IT HOVERS like a gathering storm, its potential menacing even if its fury is never unleashed: a proposal requiring colleges to rein in rising tuition or lose federal funding.
The threat is explicit, the appeal to sticker-shock-weary families as plain as day: If states and university systems can't get their acts together, Big Brother can step in.
But federal lawmakers should keep their lightning bolts sheathed, and let states and public colleges work through their funding and tuition conundrums. California Republican Sen. Howard P. "Buck" McKeon's proposal to hold down college costs has already had the positive effect of thrusting the topic of tuition controls into local debates over college affordability - and that's the best thing it can do.
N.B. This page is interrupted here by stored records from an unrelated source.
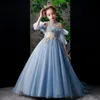 2022 Vintage Flower Girl Dresses for Weddings Lace Rustik Champagne Färg Spaghetti Straps Fluffy Tulle Ball Gown Evening Party Ball Gown Flower Girls Grows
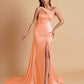 Elegant Soft Satin Sweetheart One Shoulder Side-Slit Mermaid Bridesmaid Dresses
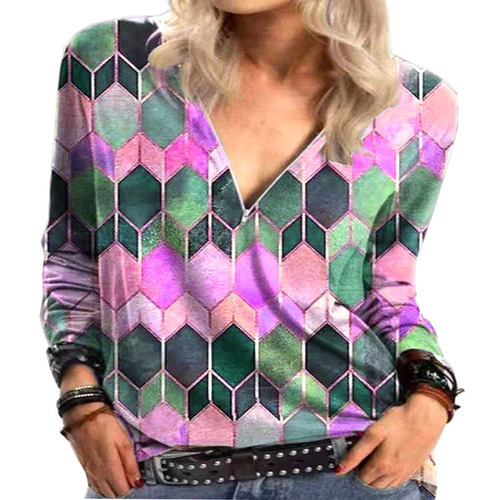  New European and American Women's Clothing eBay Bestseller Street Fashion Women's Top with Geometric Print Zipper Long Sleeve T-Shirt for Women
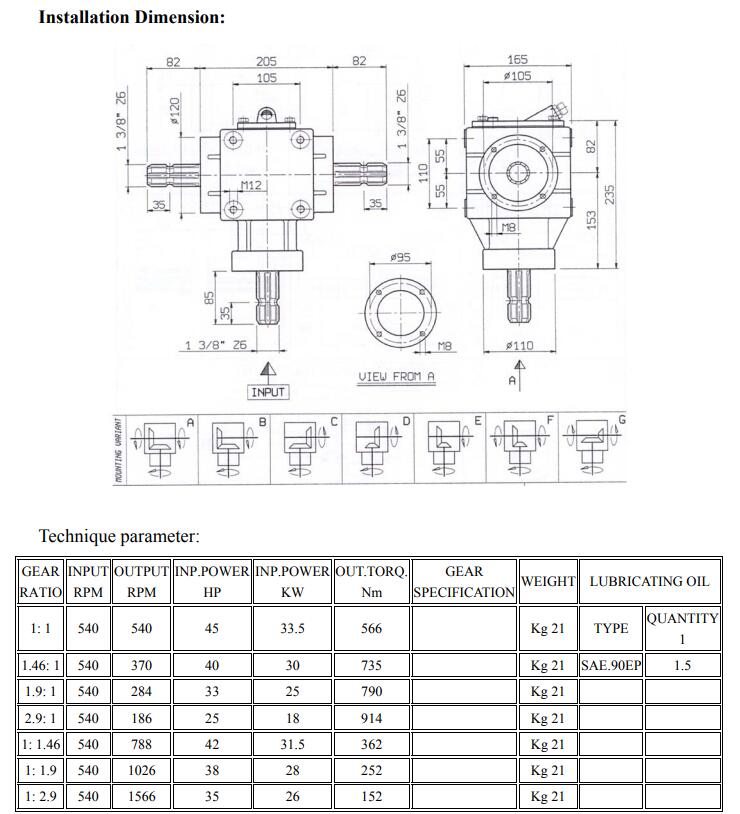 TYPE XL-S-9 Agricultural Gearbox Machinery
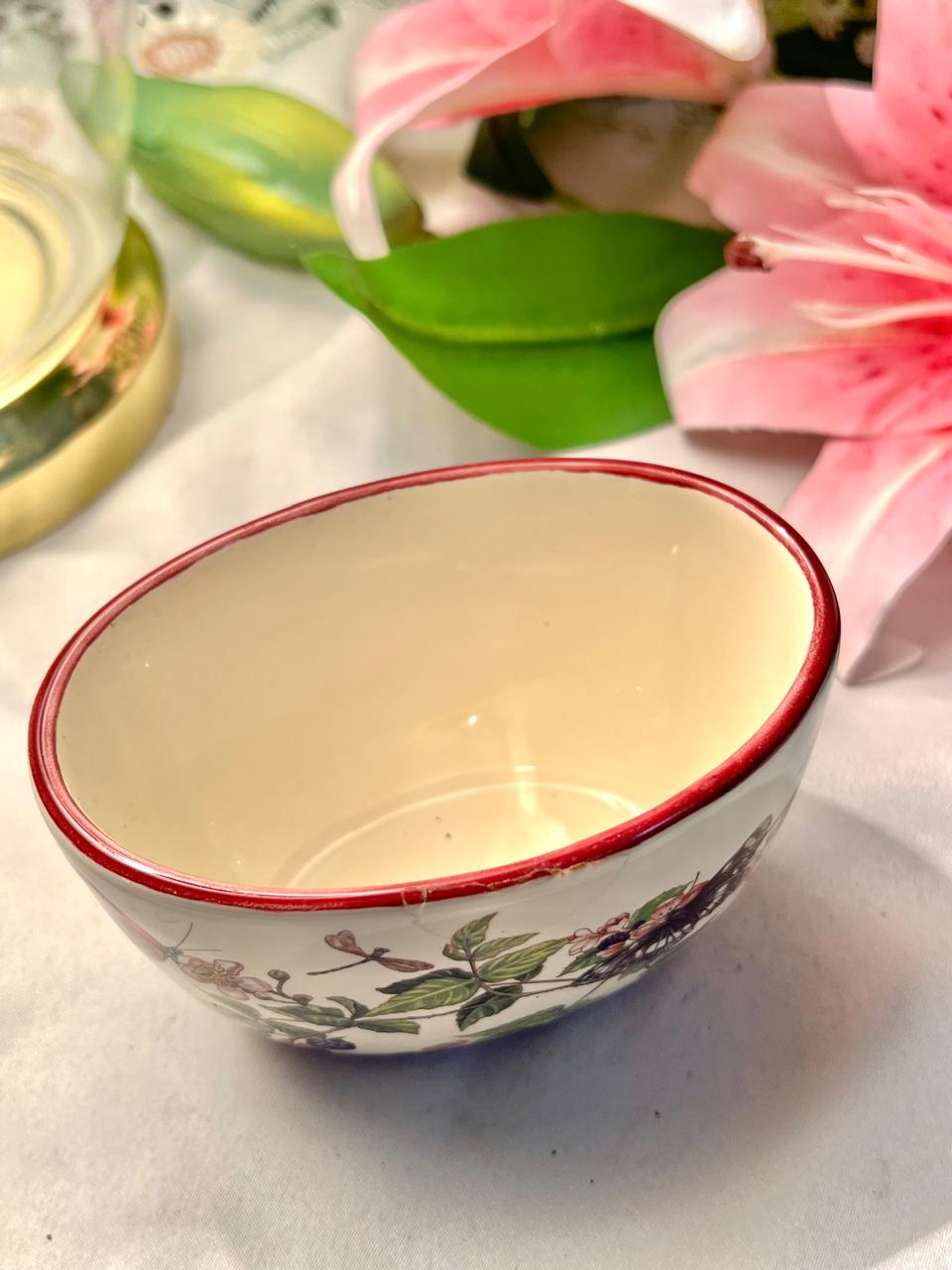 Vintage Floral Ceramic Planter with Red Rim, Approx. 4 in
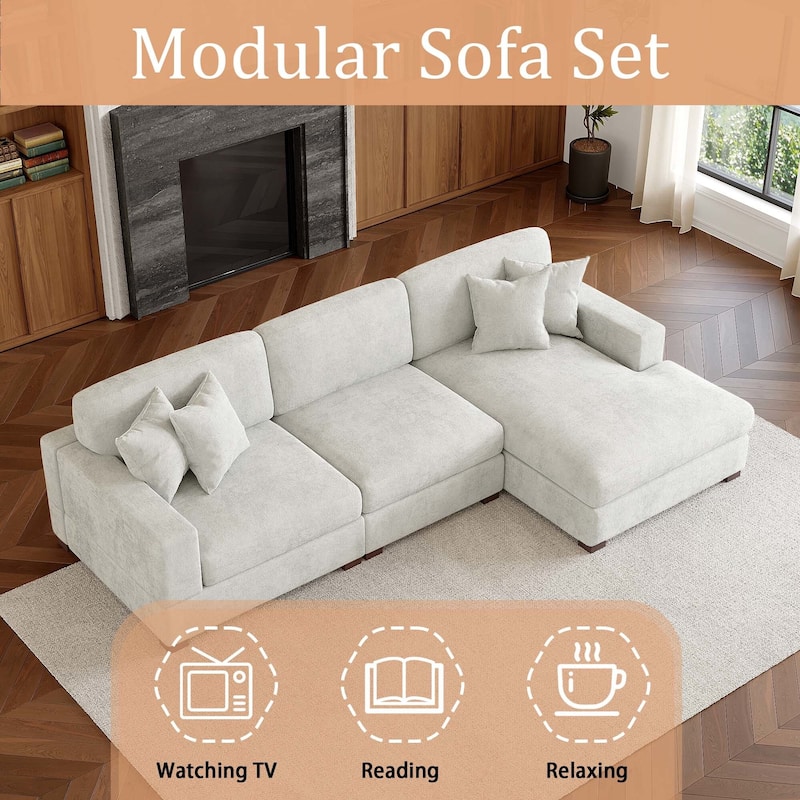 Modern Oversized Chenille Modular Sectional Sofa With Chaise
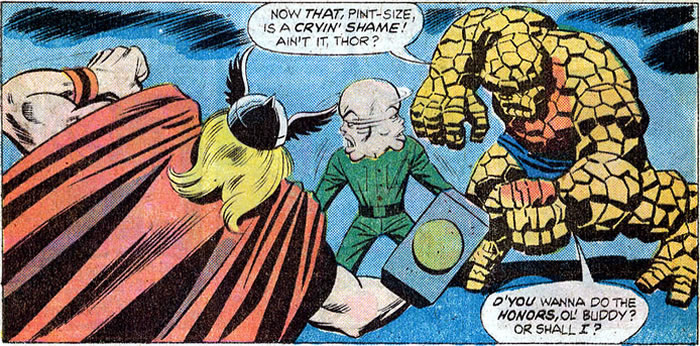 The Thing and Thor surround the Puppet Master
Here in Maryland, various proposals before the General Assembly would regulate tuition increases at state colleges. Some would hold increases to the inflation rate, others would cap them at 4 percent or 5 percent for several years. The proposal favored by William E. Kirwan, the University System of Maryland chancellor, would commit the state to increasing higher-education spending as it limits tuition hikes; where the money would come from is its own controversy.
Public outrage over Maryland's average 30 percent increase in public college tuition over the last two years has been a strong catalyst for change. Lawmakers now feel a need to check the regents' tuition-setting power.
But whether Maryland leaders manage higher-education expense by manipulating the state's investment in its colleges and in financial aid, by implementing greater efficiency in university system management, by setting tuition schedules or by other means, the compromises and the consequences all play out here at home, and not in Washington.
If state lawmakers and college officials can strike a balance between institutional growth and affordability that is acceptable to their constituents, the proposed federal intervention risks being redundant and creating unnecessary new bureaucracy.
Mr. McKeon's plan would require federal monitoring of colleges that raise tuition by more than two times the rate of inflation over a three-year period. Colleges that don't slow tuition's climb could lose federal aid.
But the proposed federal reins on tuition don't address the economic troubles or market pressures that drive up tuition in the first place. To prevent a repeat of the double-digit increases seen here in recent years - and the average 14.1 percent increase at public four-year colleges nationwide - will require greater prudence and prioritizing by the overseers of state and public college budgets. It's not as simple as imposing tuition caps.
We think the feds should let the states work this one out.